**Task description**
The reply should contain every entry below exactly as written, with no images.
Segment Start: Input data
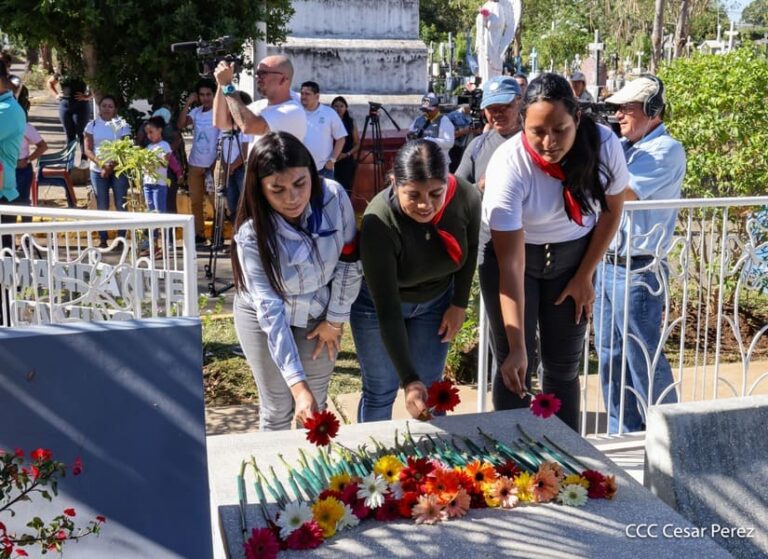 JS 19 de Julio rinde homenaje al comandante Camilo Ortega Saavedra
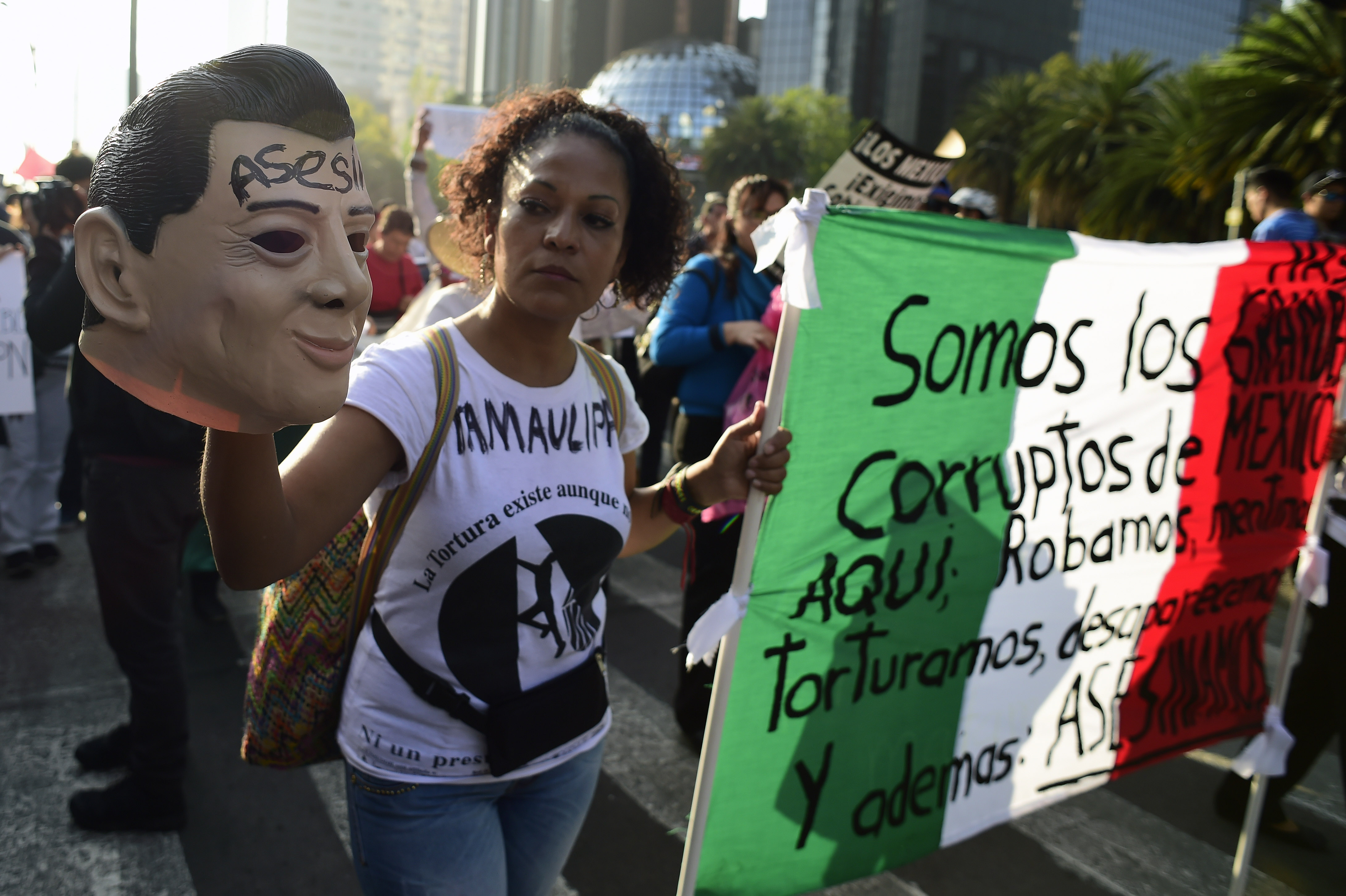 احتجاجات فى المكسيك تطالب باستقالة الرئيس المكسيكى إنريكه بينييا نييتو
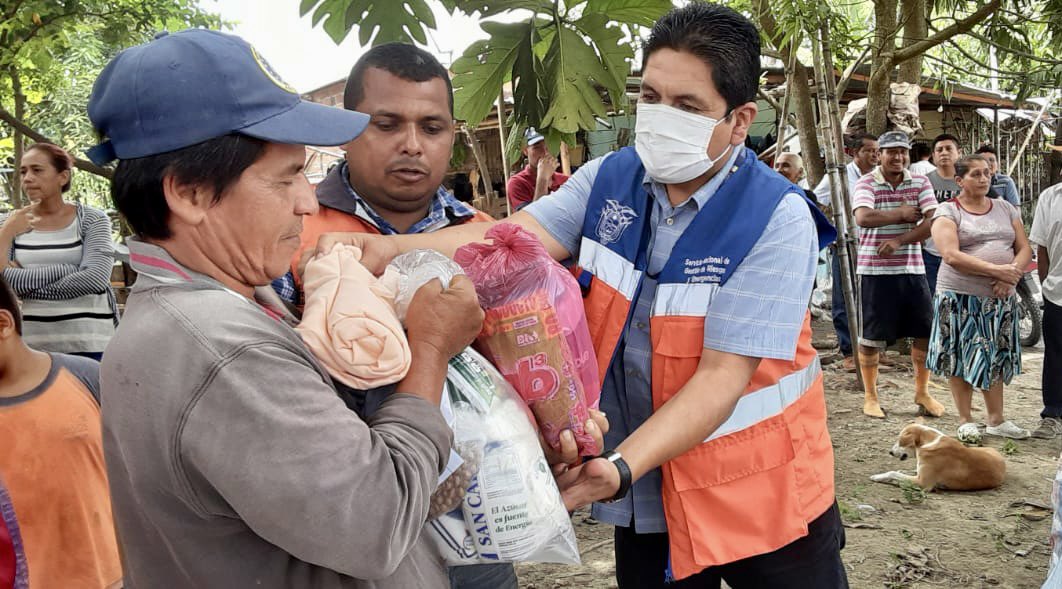 Riesgos entregó 60 raciones y toldos a familias en La Semira por las lluvias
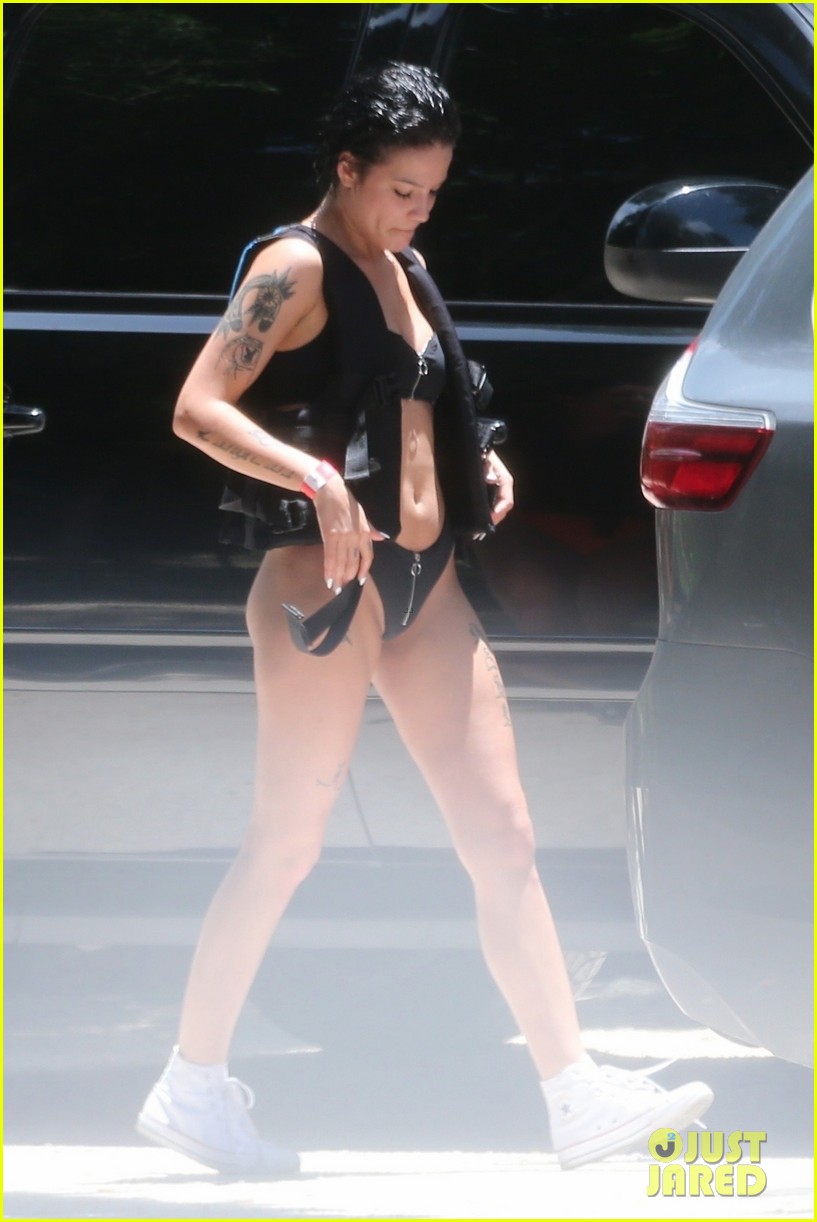 halsey walks around town in her bikini in mexico 244129975
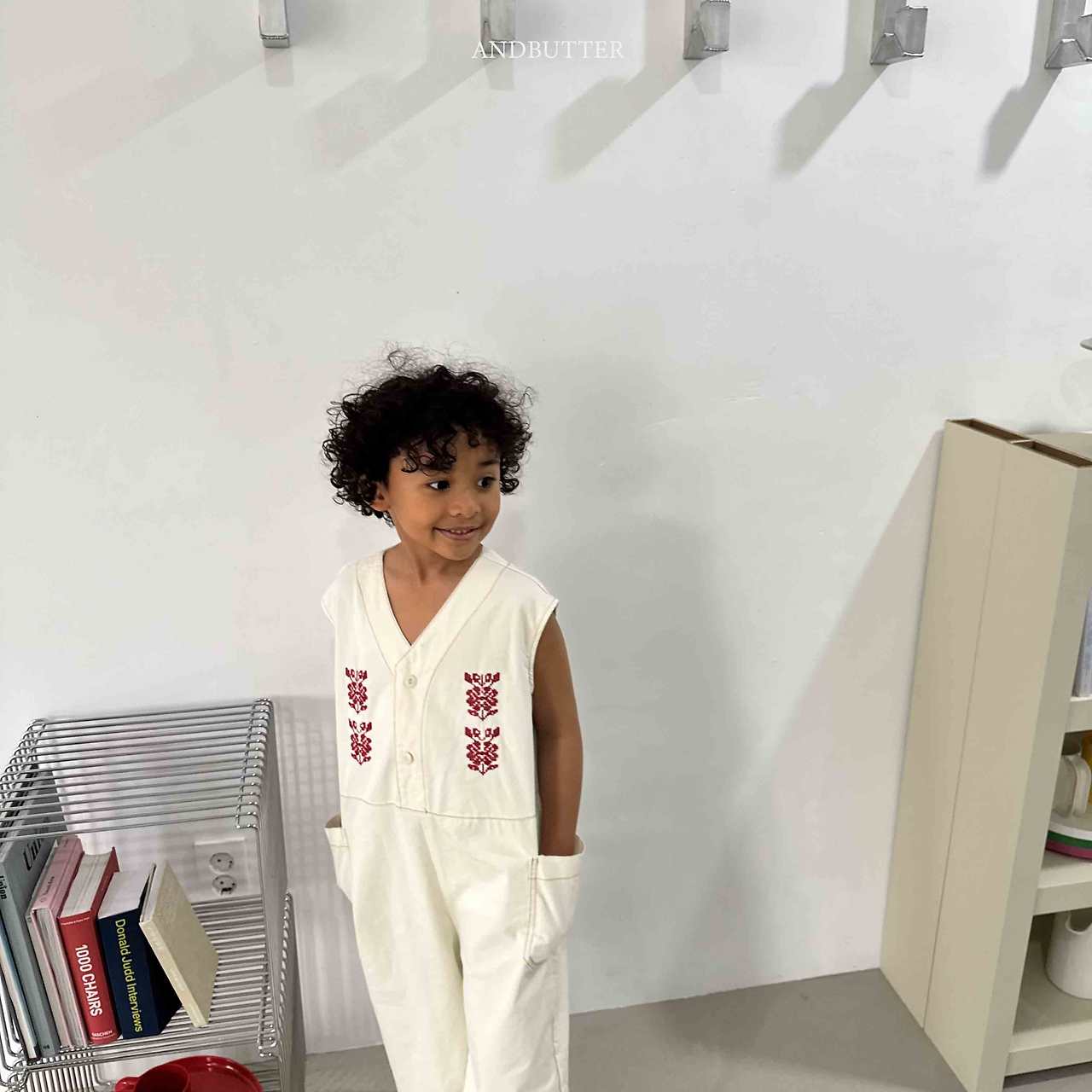 《予約》Embroidery Jump Suit / andbutter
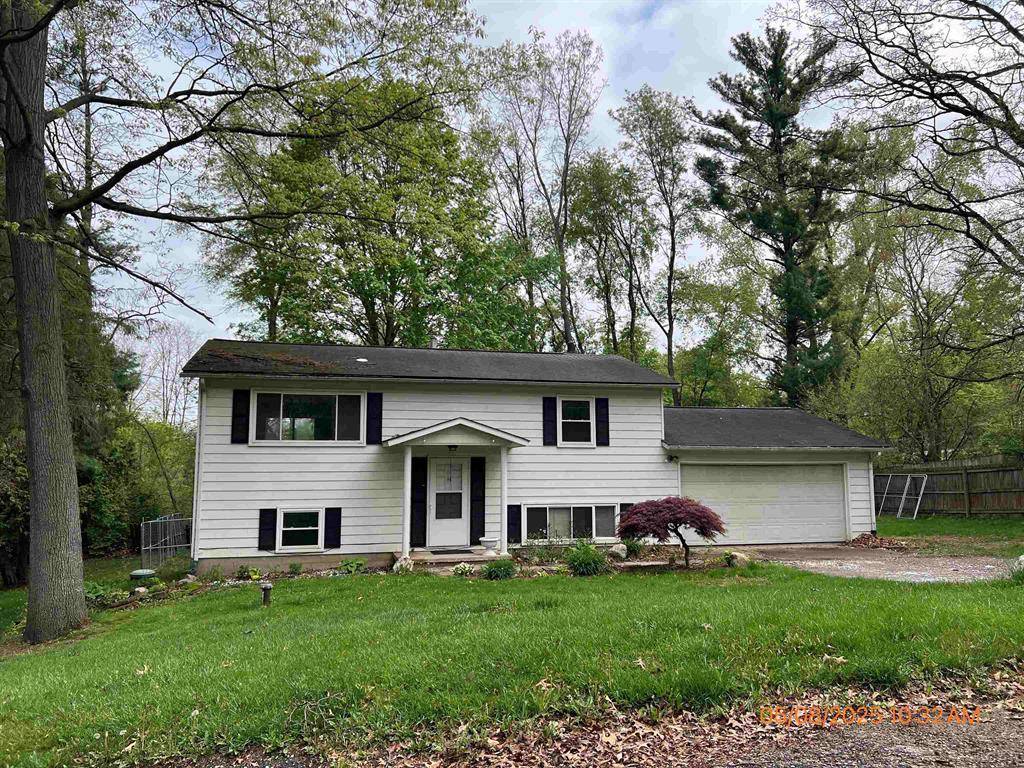 7744 Clairmont Road, Cambridge Twp, MI 49265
Segment End: Input data
**Finished task**
 JS 19 de Julio rinde homenaje al comandante Camilo Ortega Saavedra
 احتجاجات فى المكسيك تطالب باستقالة الرئيس المكسيكى إنريكه بينييا نييتو
 Riesgos entregó 60 raciones y toldos a familias en La Semira por las lluvias
 halsey walks around town in her bikini in mexico 244129975
 《予約》Embroidery Jump Suit / andbutter
 7744 Clairmont Road, Cambridge Twp, MI 49265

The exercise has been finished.